** Work order **
The answer must consist only of the lines from the line with "Makro Metro Professional" to the line with "Motsvarande tal för", both included, exactly as they stand below.

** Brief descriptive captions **
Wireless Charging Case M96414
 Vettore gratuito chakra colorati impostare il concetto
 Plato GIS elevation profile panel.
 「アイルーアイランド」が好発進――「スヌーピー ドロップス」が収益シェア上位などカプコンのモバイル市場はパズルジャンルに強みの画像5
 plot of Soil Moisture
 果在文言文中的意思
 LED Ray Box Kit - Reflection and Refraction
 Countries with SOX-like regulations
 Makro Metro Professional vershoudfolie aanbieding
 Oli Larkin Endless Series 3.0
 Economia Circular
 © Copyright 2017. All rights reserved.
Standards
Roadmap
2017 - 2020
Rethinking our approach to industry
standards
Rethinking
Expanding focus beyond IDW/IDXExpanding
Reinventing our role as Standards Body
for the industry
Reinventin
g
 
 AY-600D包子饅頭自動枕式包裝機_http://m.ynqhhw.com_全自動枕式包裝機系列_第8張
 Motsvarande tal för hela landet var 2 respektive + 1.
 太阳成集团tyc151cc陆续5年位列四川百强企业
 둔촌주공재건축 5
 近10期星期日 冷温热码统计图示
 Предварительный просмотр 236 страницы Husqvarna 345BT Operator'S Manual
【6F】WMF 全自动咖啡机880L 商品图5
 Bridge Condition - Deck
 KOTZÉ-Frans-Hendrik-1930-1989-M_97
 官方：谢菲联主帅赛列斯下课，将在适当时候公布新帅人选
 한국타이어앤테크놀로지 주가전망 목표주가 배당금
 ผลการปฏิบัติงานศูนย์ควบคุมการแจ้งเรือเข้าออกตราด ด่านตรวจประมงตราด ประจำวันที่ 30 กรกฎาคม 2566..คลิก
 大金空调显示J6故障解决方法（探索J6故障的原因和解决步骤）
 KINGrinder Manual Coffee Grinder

** Exercise answer **
 Makro Metro Professional vershoudfolie aanbieding
 Oli Larkin Endless Series 3.0
 Economia Circular
 © Copyright 2017. All rights reserved.
Standards
Roadmap
2017 - 2020
Rethinking our approach to industry
standards
Rethinking
Expanding focus beyond IDW/IDXExpanding
Reinventing our role as Standards Body
for the industry
Reinventin
g
 
 AY-600D包子饅頭自動枕式包裝機_http://m.ynqhhw.com_全自動枕式包裝機系列_第8張
 Motsvarande tal för hela landet var 2 respektive + 1.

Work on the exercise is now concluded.